ART 19A: OIL PAINTING I
Foothill College Course Outline of Record
|Hours:||3 lecture, 3 laboratory per week (72 total per quarter)|
|Advisory:||This course is included in the Painting family of activity courses.|
|Degree & Credit Status:||Degree-Applicable Credit Course|
|Grade Type:||Letter Grade Only|
Student Learning Outcomes
- A successful student will learn about oil painting subject matter, historical and contemporary styles and genres through videos, images, and lectures.
- A successful student will gain knowledge of the mechanics as well as concepts related to oil painting. Students will learn how to safely use and care for the tools for oil painting, including particular brushes, knives, palettes, cups, etc. They will also learn basic techniques related to the materials, including paint, mediums, thinners, gesso, and supports.

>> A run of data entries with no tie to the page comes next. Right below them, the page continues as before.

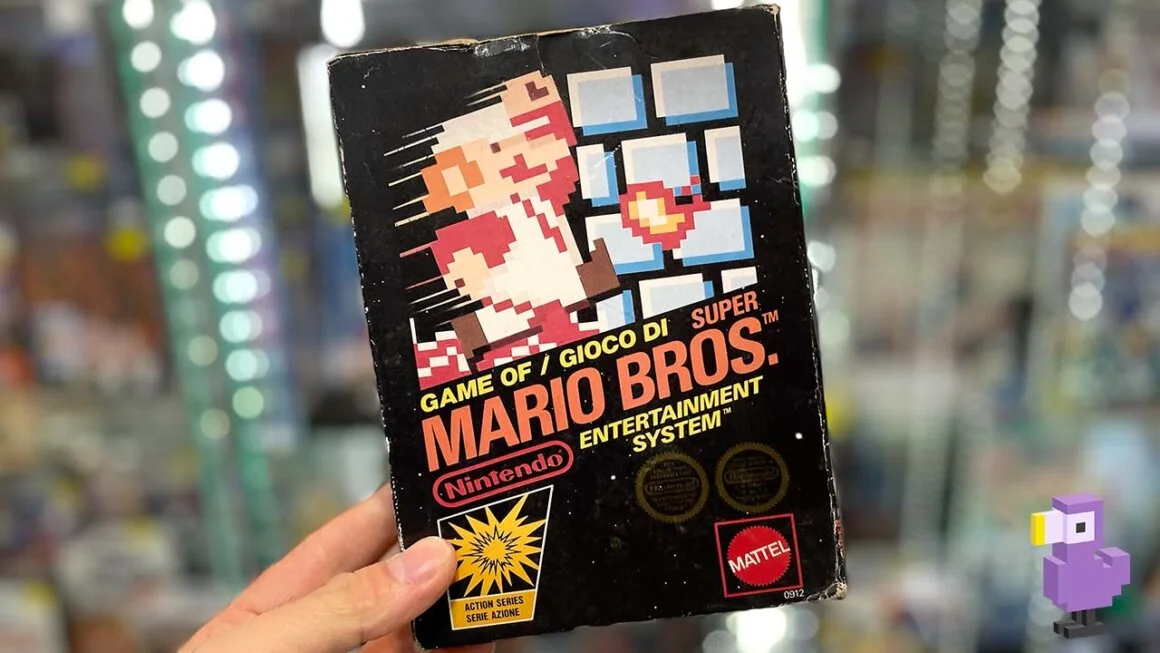 Super Mario Bros game case for the NES held by Seb
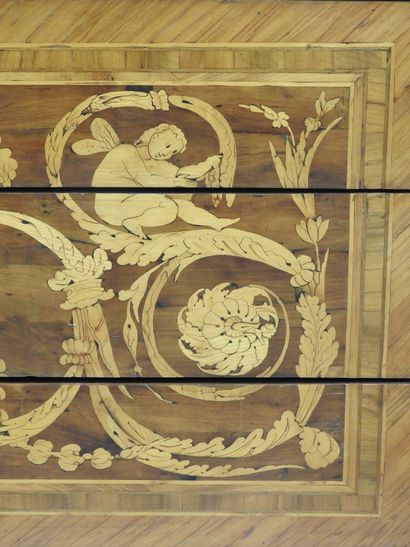 null 
WOODEN COMMODE in veneer and marquetry decorated with vases, scrolls and putti,...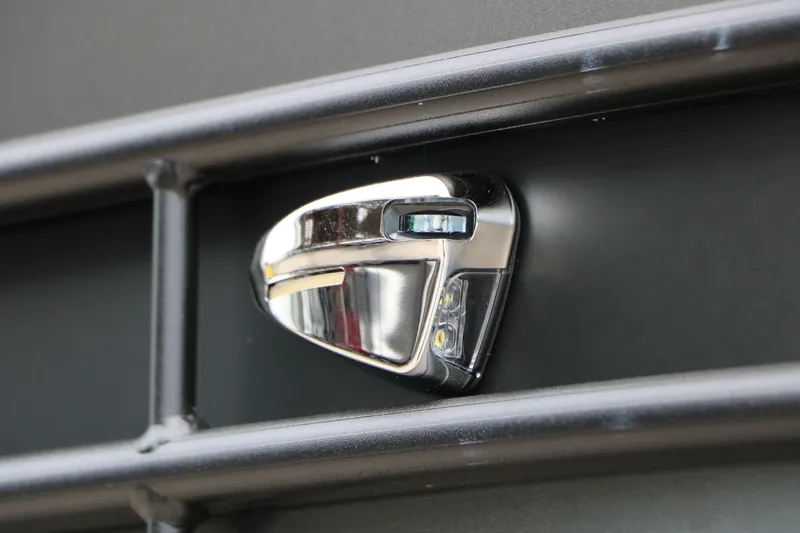 Slide: The Image of Close-up of a 2026 Sylvan Mirage 822 LZ boat detail, featuring a chrome component. - 16
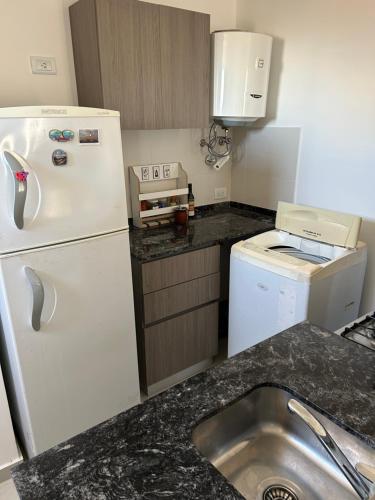 a small kitchen with a white refrigerator and a sink at Shackleton in Wilde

The student will be able to:
A. Create oil paintings that show evidence of a working knowledge of the physical properties of oil painting materials
B. Organize and apply the basic formal elements and principles of design in paintings
C. Model form from observation, using value, color and light from observation
D. Apply the principles of perceptually and theoretically based color theory to painting projects
E. Understand the preparation of oil painting surfaces and supports
F. Develop expressive content through manipulation of mark, color and stroke
G. Examine and describe historical and contemporary developments, trends, materials, and approaches in oil painting
H. Assess and critique paintings in group, individual, and written contexts, using relevant critique formats, concepts and terminology
I. Safely handle and use studio oil painting materials and equipment
A. Physical properties of oil painting materials
3. Fat over lean
4. Under-painting and layers of paint
5. Direct or alla-prima painting
B. Organize the basic formal elements and principles of design in paintings
1. Overlapping forms or shapes
2. Balance or positive and negative space
3. Proportion of objects, symmetry and asymmetry
C. Painting a still-life
1. Model form using the value or tonal under-painting
2. Model form using color
3. Model form using the logic of shadow and light-form, core and cast shadows, half tones, highlights and reflected light
D. Perceptually and theoretically based color theory to painting projects
1. Value or tonal under-painting
2. Monochromatic color
3. Warm/cool color
4. Complementary color
5. Local color
6. Tints, tones and shades
7. Saturated/desaturated color
E. Preparation of painting surfaces and supports
1. Stretching a canvas
2. Application of gesso
3. Preparation of a panel
4. Drying process of paint mediums
b. Oil paint mediums and varnishes
c. Oil paint colors and drying process
d. Thickness of paint application and drying process
e. Mixing paint colors
F. Content through manipulation of mark, color and stroke
1. Palette knife
2. Brush stokes
3. Directional strokes
4. Strokes borrowed from traditional artist
G. Class dialogue of historical and contemporary developments, trends, materials, and approaches in painting
H. Critique paintings in group, individual, and written contexts, using relevant critique formats, concepts and terminology
I. Studio painting materials and equipment
1. Disposal of paint and rags
2. Organization of a paint palette
3. Cleaning brushes
4. Using an easel
A. Exploration of physical properties of oil painting materials.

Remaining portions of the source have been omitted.